> _THE TASK_: Without omitting anything, copy the data exactly.

[Extracted data entries]
▼

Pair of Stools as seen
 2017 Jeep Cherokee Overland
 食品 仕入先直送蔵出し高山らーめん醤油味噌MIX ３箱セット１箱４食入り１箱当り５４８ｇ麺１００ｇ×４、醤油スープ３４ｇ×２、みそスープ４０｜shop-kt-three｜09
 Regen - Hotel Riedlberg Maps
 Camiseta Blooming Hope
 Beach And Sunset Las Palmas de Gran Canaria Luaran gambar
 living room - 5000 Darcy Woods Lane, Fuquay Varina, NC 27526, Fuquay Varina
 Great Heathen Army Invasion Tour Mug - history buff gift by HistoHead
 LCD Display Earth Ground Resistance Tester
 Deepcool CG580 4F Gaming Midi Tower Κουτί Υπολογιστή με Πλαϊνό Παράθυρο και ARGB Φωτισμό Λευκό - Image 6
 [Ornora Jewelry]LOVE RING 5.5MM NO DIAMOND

▲

> _ANSWER BOX_:
Pair of Stools as seen
 2017 Jeep Cherokee Overland
 食品 仕入先直送蔵出し高山らーめん醤油味噌MIX ３箱セット１箱４食入り１箱当り５４８ｇ麺１００ｇ×４、醤油スープ３４ｇ×２、みそスープ４０｜shop-kt-three｜09
 Regen - Hotel Riedlberg Maps
 Camiseta Blooming Hope
 Beach And Sunset Las Palmas de Gran Canaria Luaran gambar
 living room - 5000 Darcy Woods Lane, Fuquay Varina, NC 27526, Fuquay Varina
 Great Heathen Army Invasion Tour Mug - history buff gift by HistoHead
 LCD Display Earth Ground Resistance Tester
 Deepcool CG580 4F Gaming Midi Tower Κουτί Υπολογιστή με Πλαϊνό Παράθυρο και ARGB Φωτισμό Λευκό - Image 6
 [Ornora Jewelry]LOVE RING 5.5MM NO DIAMOND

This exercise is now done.